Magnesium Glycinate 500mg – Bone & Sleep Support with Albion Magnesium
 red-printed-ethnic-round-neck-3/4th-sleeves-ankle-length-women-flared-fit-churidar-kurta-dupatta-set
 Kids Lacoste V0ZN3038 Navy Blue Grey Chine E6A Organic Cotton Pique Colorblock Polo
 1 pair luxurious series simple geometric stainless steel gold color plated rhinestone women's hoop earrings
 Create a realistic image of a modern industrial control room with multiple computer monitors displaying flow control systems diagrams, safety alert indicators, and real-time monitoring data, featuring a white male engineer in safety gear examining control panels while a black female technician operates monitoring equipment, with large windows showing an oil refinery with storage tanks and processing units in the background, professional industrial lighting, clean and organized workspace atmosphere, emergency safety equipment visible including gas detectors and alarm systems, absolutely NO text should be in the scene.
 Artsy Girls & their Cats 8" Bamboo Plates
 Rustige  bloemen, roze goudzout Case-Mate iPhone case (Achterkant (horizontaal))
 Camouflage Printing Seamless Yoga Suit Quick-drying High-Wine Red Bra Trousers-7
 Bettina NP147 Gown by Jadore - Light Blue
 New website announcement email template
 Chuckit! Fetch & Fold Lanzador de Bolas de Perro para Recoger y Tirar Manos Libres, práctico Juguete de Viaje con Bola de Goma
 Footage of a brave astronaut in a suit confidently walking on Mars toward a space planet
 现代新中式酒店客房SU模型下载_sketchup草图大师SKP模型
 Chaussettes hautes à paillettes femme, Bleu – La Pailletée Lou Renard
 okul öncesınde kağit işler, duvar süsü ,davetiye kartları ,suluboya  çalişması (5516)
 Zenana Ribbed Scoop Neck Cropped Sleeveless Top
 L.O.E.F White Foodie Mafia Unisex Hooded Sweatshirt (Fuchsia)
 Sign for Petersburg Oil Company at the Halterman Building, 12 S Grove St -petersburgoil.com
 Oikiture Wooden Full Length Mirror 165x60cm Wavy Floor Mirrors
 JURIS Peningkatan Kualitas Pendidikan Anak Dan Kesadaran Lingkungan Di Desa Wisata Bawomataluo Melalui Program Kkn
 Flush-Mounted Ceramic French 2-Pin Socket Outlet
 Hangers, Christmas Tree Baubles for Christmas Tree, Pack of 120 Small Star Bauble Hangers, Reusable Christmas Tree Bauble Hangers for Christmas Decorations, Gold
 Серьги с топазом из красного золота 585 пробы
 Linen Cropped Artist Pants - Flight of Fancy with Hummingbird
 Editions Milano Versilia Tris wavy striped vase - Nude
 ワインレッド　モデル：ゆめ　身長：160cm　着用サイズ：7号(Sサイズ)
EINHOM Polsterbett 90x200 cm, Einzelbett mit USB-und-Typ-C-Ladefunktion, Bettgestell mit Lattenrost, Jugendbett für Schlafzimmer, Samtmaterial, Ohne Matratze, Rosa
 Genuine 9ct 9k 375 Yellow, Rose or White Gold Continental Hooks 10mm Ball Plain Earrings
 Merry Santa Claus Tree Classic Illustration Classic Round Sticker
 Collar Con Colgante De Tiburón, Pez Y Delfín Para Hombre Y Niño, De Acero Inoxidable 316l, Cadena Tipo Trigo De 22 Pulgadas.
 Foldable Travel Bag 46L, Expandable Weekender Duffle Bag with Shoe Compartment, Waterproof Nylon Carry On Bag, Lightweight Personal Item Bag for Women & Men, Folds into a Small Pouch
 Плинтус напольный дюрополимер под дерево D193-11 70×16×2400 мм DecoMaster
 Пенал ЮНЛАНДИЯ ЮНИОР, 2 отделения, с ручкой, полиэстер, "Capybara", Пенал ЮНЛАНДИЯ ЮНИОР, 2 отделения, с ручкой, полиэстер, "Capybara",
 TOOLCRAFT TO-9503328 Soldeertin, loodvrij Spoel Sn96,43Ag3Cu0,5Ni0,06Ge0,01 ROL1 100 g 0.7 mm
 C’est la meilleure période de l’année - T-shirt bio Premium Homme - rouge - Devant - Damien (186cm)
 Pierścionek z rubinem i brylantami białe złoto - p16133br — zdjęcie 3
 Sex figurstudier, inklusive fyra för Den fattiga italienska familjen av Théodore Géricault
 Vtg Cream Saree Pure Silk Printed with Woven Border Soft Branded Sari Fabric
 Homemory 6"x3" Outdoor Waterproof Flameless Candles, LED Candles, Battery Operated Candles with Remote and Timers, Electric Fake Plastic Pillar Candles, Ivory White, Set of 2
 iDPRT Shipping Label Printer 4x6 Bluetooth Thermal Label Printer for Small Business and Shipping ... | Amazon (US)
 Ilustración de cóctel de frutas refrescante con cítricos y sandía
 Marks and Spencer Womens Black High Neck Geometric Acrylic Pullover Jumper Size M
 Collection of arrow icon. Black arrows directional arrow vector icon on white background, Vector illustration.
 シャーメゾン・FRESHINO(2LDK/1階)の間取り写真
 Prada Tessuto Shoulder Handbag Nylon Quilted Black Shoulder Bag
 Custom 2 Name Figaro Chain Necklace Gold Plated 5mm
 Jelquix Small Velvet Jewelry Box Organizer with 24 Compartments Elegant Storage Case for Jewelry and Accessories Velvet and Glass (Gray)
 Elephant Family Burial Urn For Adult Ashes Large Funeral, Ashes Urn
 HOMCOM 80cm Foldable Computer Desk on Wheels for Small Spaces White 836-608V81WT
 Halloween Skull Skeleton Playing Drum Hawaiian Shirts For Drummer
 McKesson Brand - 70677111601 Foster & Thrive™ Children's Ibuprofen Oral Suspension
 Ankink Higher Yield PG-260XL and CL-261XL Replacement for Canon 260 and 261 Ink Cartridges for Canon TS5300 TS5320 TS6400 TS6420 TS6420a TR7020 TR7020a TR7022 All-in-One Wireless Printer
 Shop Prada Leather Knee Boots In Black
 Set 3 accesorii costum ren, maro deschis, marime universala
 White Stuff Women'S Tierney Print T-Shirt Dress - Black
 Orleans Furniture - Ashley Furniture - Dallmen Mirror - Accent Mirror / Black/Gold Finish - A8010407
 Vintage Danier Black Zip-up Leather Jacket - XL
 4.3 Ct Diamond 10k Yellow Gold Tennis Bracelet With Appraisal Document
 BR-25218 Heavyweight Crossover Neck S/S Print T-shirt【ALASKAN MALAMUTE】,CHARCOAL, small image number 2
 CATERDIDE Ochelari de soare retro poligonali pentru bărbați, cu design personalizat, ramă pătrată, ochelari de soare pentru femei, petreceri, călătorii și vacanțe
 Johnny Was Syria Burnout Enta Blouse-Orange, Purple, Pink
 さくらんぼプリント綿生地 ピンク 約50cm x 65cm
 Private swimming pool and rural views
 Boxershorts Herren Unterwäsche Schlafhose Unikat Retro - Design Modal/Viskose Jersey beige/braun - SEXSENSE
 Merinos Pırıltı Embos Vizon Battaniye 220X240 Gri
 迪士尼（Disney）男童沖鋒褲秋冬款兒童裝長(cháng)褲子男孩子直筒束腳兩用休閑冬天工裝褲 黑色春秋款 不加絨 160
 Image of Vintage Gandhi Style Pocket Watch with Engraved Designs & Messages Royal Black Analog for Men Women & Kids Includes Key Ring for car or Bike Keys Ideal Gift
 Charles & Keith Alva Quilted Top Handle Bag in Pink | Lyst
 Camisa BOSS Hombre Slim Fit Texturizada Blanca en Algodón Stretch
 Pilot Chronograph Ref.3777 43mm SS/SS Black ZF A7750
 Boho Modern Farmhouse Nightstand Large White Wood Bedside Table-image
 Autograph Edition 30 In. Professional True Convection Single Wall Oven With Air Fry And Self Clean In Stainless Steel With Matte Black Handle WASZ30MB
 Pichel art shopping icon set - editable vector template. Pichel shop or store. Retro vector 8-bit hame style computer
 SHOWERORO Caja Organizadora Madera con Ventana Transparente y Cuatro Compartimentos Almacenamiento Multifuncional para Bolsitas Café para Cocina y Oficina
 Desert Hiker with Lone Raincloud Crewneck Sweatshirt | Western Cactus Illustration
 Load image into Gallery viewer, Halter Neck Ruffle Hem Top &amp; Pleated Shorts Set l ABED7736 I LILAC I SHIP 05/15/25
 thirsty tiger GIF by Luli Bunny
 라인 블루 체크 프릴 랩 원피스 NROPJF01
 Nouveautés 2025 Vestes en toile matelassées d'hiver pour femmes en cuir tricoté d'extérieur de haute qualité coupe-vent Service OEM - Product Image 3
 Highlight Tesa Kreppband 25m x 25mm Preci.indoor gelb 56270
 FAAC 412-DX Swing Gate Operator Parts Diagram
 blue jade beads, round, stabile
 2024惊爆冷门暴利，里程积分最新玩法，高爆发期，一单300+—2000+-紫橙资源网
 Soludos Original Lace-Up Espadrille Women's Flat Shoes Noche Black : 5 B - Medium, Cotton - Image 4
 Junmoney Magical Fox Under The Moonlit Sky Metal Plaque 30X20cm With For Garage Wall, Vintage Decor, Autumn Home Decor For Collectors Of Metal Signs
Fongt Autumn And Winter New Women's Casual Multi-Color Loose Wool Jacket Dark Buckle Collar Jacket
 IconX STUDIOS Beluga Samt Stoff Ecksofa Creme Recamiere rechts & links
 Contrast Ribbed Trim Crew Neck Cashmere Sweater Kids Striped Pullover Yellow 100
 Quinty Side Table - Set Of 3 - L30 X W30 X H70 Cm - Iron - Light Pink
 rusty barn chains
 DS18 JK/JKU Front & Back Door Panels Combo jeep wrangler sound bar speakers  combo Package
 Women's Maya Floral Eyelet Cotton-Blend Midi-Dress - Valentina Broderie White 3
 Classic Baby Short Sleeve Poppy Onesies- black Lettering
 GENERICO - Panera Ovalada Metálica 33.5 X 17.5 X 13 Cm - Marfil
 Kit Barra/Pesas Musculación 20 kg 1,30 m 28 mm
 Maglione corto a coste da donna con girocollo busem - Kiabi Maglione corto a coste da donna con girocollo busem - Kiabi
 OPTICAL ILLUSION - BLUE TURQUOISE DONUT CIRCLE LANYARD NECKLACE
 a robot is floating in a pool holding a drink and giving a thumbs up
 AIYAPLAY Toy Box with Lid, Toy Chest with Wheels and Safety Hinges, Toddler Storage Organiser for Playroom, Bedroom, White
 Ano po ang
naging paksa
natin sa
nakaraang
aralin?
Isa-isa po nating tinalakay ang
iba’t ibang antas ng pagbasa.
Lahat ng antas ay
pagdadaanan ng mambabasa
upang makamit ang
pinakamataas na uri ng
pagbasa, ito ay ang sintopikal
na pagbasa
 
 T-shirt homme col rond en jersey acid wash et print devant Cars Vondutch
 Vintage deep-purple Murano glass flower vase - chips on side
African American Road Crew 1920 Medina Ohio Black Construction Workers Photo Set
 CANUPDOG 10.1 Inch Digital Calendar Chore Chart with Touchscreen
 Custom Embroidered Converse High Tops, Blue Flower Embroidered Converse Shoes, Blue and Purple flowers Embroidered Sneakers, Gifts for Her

◇ ◇ ◇

- _WORK INSTRUCTIONS_
Going down from the first line of the entries above, restate each line word for word until the line holding "Artsy Girls &" is done.

- _RESULT OF THE TASK_
Magnesium Glycinate 500mg – Bone & Sleep Support with Albion Magnesium
 red-printed-ethnic-round-neck-3/4th-sleeves-ankle-length-women-flared-fit-churidar-kurta-dupatta-set
 Kids Lacoste V0ZN3038 Navy Blue Grey Chine E6A Organic Cotton Pique Colorblock Polo
 1 pair luxurious series simple geometric stainless steel gold color plated rhinestone women's hoop earrings
 Create a realistic image of a modern industrial control room with multiple computer monitors displaying flow control systems diagrams, safety alert indicators, and real-time monitoring data, featuring a white male engineer in safety gear examining control panels while a black female technician operates monitoring equipment, with large windows showing an oil refinery with storage tanks and processing units in the background, professional industrial lighting, clean and organized workspace atmosphere, emergency safety equipment visible including gas detectors and alarm systems, absolutely NO text should be in the scene.
 Artsy Girls & their Cats 8" Bamboo Plates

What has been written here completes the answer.